Nadie aprende “en cabeza ajena” es una expresión que usaban las “personas mayores” para aleccionar  a los niños y evitarles “contratiempos”.  Hasta que no te pique una abeja no sabrás lo mucho que duele, oí decir a una de mis inolvidables abuelas.  Nada puede sustituir la experiencia propia.  Estamos condenados a sufrir o gozar de las experiencias, con nuestro cuerpo y nuestra cabeza; sólo así convertimos en conocimientos “las cosas que nos pasan”.  Recuerdo a menudo un consejo desoído de mi abuela sobre la peligrosidad de algunos meandros del río Camú.

 Mi abuela materna vivía en La Vega; nosotros en Santo Domingo.  Por tanto, no la veíamos con frecuencia.  Había que esperar las vacaciones escolares de verano para visitarla.  Cariñosa, incluso consentidora, mi abuela no era dada a prohibiciones y regaños.  Me llevaba a conocer cosas que yo nunca había visto: la fabricación de longaniza, los trabajos de carpintería para instalar “camas” en los camiones de transportar productos agrícolas.  Quería que viera con mis ojos la forma en que se ganaban la vida los pobres.

Pero un día me dijo estas palabras: Federico, no vayas a bañarte al Charco de San Julián; es peligroso; ahí se forma un remolino; la corriente te llevaría al fondo; se han ahogado varios muchachos.  Mi abuela construía las frases de sus recomendaciones de manera directa, concisa.  Creo que ella influyó considerablemente en “el ritmo” de redacción periodística que desarrollé después.

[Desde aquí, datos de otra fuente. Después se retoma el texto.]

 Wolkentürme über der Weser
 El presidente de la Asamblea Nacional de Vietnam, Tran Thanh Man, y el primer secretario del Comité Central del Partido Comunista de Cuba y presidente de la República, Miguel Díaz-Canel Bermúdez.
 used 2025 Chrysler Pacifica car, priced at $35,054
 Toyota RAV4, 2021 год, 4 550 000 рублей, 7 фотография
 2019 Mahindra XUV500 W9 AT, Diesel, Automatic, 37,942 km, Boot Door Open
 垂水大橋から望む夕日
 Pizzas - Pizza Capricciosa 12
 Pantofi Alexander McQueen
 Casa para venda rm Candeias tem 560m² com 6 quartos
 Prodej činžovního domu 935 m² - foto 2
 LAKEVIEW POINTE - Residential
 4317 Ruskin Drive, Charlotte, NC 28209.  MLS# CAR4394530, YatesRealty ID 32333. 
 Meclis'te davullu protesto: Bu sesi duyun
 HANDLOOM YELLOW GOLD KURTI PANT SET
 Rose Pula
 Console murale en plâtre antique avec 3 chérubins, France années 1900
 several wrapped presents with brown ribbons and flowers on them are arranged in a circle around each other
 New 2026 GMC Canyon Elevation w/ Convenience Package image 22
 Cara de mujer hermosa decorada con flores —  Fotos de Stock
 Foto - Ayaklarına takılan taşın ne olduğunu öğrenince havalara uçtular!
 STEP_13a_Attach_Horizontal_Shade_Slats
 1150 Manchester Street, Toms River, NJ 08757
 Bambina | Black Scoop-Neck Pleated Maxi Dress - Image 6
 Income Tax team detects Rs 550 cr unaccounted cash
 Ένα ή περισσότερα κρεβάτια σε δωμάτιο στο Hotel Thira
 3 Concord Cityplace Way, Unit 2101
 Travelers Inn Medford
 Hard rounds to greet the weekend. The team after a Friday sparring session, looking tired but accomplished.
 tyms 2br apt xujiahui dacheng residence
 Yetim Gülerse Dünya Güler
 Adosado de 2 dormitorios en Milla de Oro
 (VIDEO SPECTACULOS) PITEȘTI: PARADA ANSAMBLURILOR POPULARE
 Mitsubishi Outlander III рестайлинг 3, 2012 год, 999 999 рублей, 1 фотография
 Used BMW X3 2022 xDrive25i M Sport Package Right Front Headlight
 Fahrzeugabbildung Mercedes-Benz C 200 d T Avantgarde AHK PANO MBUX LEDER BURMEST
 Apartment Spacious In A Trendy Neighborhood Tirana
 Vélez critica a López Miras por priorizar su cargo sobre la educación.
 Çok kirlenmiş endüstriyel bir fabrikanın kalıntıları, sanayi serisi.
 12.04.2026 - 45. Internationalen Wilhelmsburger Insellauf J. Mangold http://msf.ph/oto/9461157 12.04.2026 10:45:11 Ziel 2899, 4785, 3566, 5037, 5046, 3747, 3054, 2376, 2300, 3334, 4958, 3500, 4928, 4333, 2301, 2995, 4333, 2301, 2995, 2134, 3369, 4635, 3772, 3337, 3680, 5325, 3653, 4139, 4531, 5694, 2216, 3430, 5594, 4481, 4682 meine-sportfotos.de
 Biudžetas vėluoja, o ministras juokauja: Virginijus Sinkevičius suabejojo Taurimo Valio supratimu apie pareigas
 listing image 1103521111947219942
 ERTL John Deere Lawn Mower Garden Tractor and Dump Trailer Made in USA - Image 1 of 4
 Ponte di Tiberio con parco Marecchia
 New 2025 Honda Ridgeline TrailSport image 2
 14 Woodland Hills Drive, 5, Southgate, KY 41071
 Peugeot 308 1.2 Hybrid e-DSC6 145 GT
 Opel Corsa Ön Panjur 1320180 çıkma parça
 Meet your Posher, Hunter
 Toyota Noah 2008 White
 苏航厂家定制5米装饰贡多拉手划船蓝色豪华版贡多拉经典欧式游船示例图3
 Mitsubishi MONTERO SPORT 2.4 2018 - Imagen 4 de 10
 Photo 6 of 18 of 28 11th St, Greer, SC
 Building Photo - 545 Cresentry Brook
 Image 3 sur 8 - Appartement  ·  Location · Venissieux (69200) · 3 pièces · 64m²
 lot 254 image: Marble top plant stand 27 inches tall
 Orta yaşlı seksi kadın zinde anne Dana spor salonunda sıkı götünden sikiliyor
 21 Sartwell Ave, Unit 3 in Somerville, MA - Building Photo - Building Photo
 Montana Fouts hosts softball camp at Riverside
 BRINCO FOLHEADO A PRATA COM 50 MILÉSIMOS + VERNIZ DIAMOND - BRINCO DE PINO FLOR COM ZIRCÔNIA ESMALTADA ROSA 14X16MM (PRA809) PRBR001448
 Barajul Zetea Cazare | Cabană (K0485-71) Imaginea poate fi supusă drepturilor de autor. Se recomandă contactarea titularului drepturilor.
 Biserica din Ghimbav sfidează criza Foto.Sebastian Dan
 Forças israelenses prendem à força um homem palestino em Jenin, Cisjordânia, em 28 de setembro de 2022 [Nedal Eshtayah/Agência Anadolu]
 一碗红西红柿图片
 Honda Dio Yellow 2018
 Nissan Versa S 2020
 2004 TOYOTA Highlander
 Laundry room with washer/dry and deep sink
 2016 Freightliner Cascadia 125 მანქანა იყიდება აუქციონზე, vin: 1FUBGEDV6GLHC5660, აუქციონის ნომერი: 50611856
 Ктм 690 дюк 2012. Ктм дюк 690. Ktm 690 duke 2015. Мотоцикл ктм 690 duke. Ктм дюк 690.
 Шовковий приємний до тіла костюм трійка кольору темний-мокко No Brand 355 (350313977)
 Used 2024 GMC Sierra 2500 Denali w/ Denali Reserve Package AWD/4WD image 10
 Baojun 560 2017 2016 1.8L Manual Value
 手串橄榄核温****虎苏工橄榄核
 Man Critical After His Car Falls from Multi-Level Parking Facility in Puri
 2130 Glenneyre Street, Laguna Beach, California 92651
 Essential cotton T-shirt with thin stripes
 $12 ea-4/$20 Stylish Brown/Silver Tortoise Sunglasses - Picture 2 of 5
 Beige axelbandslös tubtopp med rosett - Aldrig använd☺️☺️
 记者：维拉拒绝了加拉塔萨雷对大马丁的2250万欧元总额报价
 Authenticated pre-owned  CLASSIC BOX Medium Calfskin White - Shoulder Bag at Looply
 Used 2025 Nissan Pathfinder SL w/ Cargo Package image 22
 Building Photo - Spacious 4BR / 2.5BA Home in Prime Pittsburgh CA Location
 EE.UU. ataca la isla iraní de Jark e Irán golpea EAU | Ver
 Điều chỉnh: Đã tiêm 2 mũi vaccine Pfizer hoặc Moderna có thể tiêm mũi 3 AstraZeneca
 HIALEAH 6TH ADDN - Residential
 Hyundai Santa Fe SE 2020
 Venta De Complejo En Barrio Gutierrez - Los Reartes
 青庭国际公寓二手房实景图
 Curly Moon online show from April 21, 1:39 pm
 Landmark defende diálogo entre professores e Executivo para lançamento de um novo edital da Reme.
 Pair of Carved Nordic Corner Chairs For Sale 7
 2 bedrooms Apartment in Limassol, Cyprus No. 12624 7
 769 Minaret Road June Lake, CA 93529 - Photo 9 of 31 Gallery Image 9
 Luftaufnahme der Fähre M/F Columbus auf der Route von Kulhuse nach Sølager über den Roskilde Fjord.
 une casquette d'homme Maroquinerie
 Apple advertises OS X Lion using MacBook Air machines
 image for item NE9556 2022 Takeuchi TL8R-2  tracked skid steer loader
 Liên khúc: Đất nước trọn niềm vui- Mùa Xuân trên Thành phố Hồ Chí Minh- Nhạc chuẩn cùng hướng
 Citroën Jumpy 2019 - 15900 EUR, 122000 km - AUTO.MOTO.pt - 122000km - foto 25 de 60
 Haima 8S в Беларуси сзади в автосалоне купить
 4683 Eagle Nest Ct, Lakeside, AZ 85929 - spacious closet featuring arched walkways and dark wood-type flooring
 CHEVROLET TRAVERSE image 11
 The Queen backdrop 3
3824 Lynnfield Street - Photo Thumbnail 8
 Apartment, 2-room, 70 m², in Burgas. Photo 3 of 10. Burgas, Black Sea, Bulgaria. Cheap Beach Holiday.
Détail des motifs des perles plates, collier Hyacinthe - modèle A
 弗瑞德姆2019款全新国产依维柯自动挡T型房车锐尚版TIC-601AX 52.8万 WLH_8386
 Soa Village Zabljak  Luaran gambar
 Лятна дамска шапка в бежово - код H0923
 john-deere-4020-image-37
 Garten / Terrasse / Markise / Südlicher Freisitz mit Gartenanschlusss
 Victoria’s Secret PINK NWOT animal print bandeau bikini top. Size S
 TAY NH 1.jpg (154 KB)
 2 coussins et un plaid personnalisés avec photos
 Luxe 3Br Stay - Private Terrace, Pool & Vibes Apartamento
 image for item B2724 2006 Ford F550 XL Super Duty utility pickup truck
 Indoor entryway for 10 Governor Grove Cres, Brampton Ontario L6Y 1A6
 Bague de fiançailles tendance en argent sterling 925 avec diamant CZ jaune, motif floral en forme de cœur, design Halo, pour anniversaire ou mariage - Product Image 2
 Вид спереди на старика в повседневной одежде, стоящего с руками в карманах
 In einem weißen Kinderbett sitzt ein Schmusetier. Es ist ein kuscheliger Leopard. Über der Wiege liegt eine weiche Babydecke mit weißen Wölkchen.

 Tan pronto mi abuela  acabó de decirme lo que he contado, salí de la casa, fui derecho al río, al recodo del Charco de San Julián.  Allí estaban mis amigos veganos, desnudos casi todos.  ¡Capitaleño, tirate al charco! ¿tienes miedo?  Enseguida me quite la camisa y los pantalones, trepé a un barranco y me lancé de cabeza.  Entonces sentí que el remolino me “llevaba al fondo”.  Subí, braceando, y la succión me hacía bajar otra vez; y así me ocurrió media docena de veces.  Fatigado ya, me dije: eso fue lo que me advirtió mi abuela.  Afortunadamente, un tipo musculoso que miraba desde la orilla, se dio cuenta de que estaba en apuros, me haló por los cabellos, luego por un brazo y me arrastró, exhausto, a lo seco.